Twenty weeks down to twenty minutes

I had a simulation this week that I estimated would take 20 weeks to run. This estimate was based on too small a run. A more reliable estimate based on a longer run was 300 CPU hours, about two weeks running on a single processor. Before I split the problem up to run in parallel, I wanted to see if I could make each thread run faster.

The most expensive part of the simulation is a function that takes in four integer parameters and does a numerical integration. Each parameter could be any value from 0 to 120. So in principle there are 121⁴ = 214,358,881 possible parameter combinations. I knew that some of these combinations were extremely unlikely or impossible, so I thought I could reduce the execution time by caching the most commonly called parameters. Maybe a few thousand arguments would account for most of the function calls.

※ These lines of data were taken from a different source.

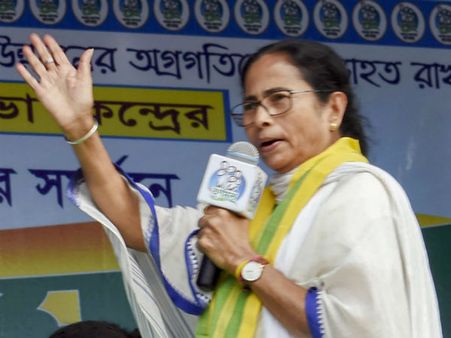 সারদা-নারদা তৈরি তো ১৯৮০ তে! আজ তদন্ত কেন, প্রশ্ন তৃণমূল নেত্রী মমতার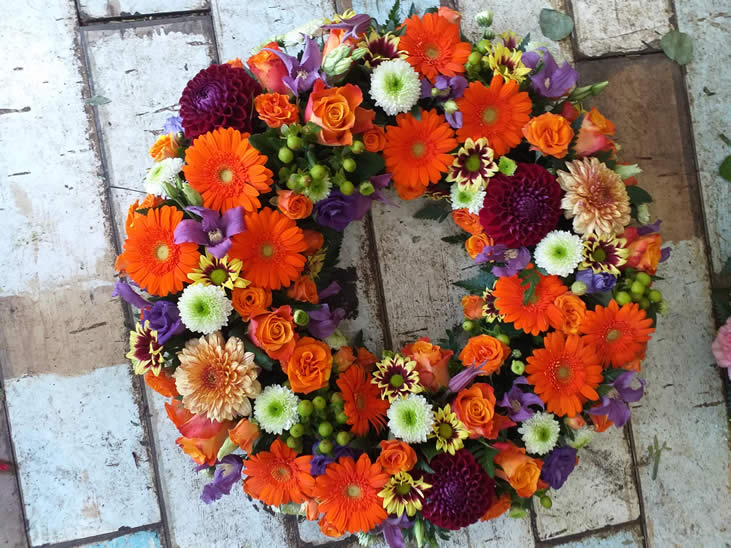 Click to expand Wreaths 2a 12 inch frame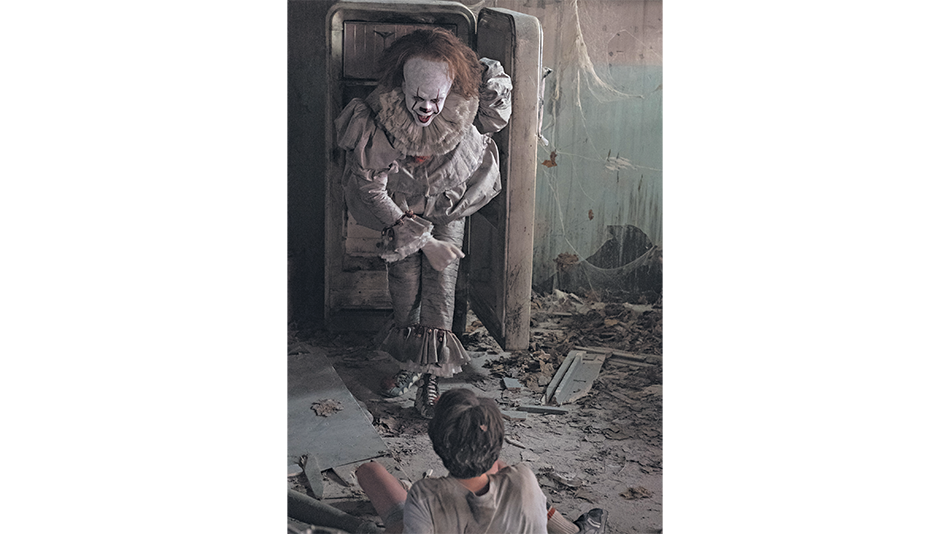 Bill Skarsgård como el payaso Pennywise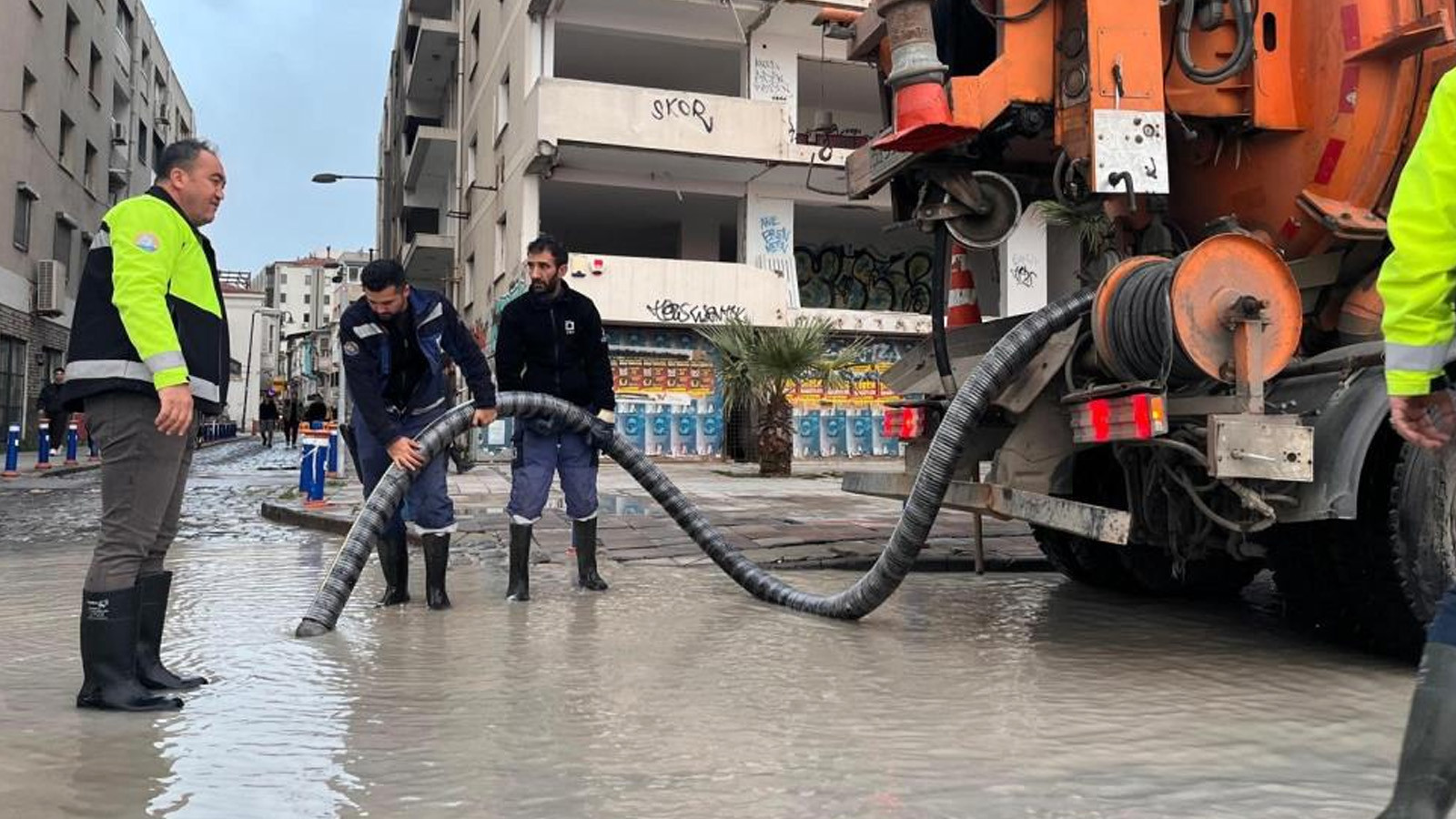 Uzman isim "50 yılda bir görülebilecek" tablo diyerek uyardı: Kıyı şeridinden uzak durun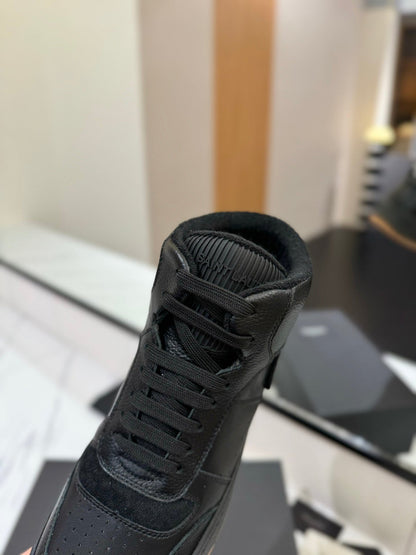 MID-TOP SNEAKERS IN BLACK PERFORATED LAMBSKIN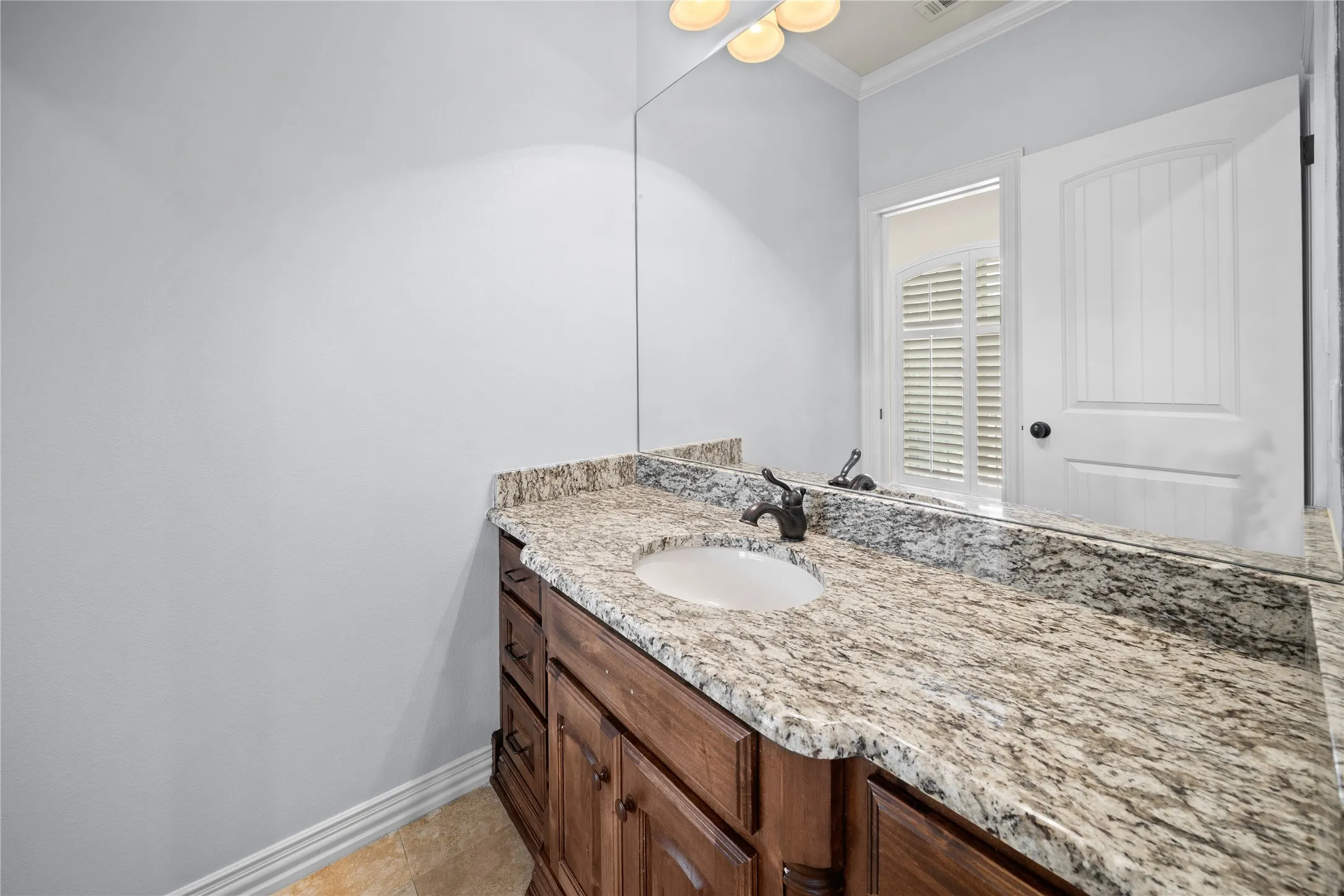 Single Family Residence For Sale in Smith County , 6987 Canal, Tyler, Texas 75703, 4 Bedroom, 4 Bathroom, 3 Garage spaces, 4,932 Sqft, built in 2008, mls#21365179, Real Estate Agent in Tyler, Homes For Sale in Smith county, Homes For Sale in Tyler, Realtor in Tyler Texas, Real Estate Brokerage Independent Realty Texas, Luminita Cordes Realtor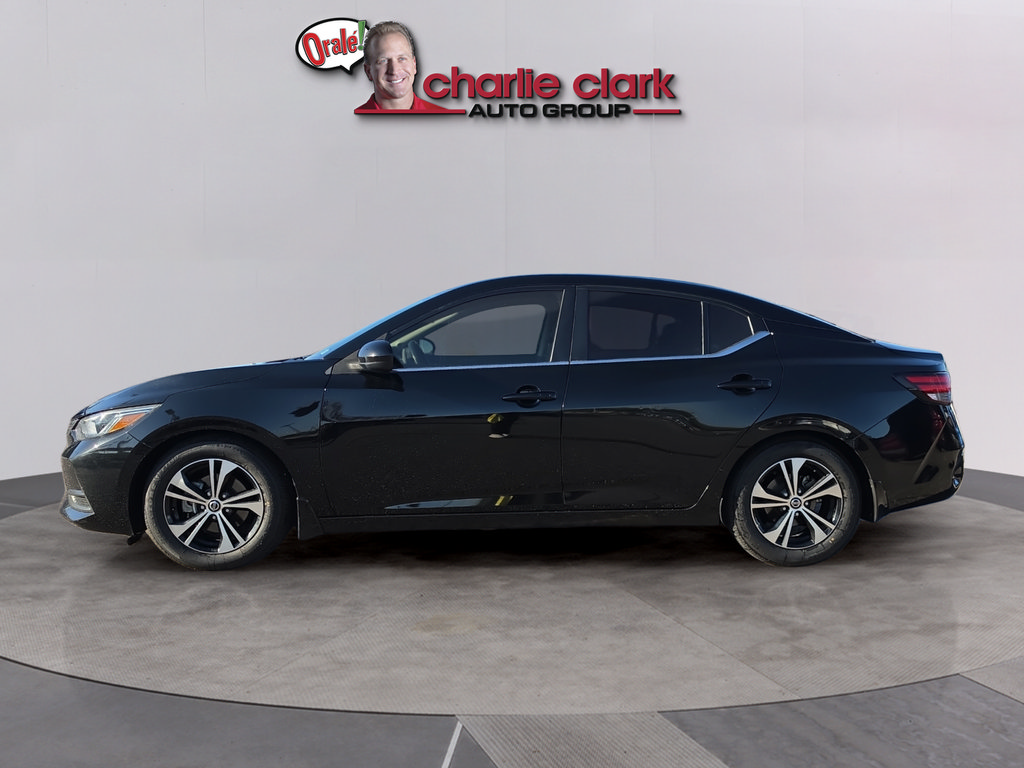 Used 2022 Nissan Sentra SV FWD image 2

I saved the function arguments and computed values in map, a.k.a. dictionary, associative array, etc. (The buzz word for this is memoization.) I set a maximum size on the map because I thought it could grow very large. Even if, say, a thousand arguments accounted for most of the function calls, maybe there were many more that only appeared once.

It turned out that the function was only called with 408 distinct parameter combinations. That means the same integrals were being evaluated millions of times. Caching these values reduced the execution time by a factor of about 800. In other words, the software could retrieve a previously computed value 800x faster than compute it from scratch.

The simulation that would have taken 300 hours took only 22 minutes, and so there was no need to make it run in parallel.

Update: I found a bug in my hashing algorithm. After fixing the bug, the time to run my simulations increased to 38 minutes. So my speed-up was a about a factor of 420 rather than 800, but still enough to run on one thread over lunch. The number of distinct arguments to the numerical integration was much more than 408 in the corrected program, but still small enough to cache.

6 thoughts on “Twenty weeks down to twenty minutes”

Matt

26 January 2012 at 20:08

Memoization is fantastic! I learned about it, and other fantastic concepts, from _Higher-Order Perl_ by Mark Jason Dominus (here is the chapter that deals with it: http://hop.perl.plover.com/book/pdf/03CachingAndMemoization.pdf ). You may have abandoned Perl for Python, but this whole book illustrates many great programming concepts using Perl — I highly recommend it for any programmer.

Rick Wicklin

27 January 2012 at 09:32

Once again, working smarter beats working harder/longer.

John

27 January 2012 at 10:15

Thanks for the technique. Too bad this won’t work for my Monte Carlo.

John

27 January 2012 at 10:39

Perhaps this won’t work for your problem, but it does work on some Monte Carlo problems. That’s what I was doing.

Because of the randomness in the program, I could not determine with certainty which parameter arguments would or would not be needed. I thought perhaps there could be thousands of values only used once. But that was far from the case.

joshin4colours

27 January 2012 at 13:59

This type of idea is something that should be taught to any grad students using MC simulation or any simulation that’s similar. I remember lots of discussions about efficiently calculating random numbers, variance reduction, etc. Using bit-wise operations instead of the more usual numerical calculations also briefly came up. But never anything about saving values you end up computing several times, which is too bad. It’s a concept even someone who’s relatively green to programming could pick up for scientific computations.

Anselmo

29 January 2012 at 20:54

This concept is highly exploited in the Dynamic Programming technique. The basic idea of Dynamic Programming is decomposing a huge optimisation problem in small problems, optimising the small problems, and saving the result in a table function for future lookup.

Comments are closed.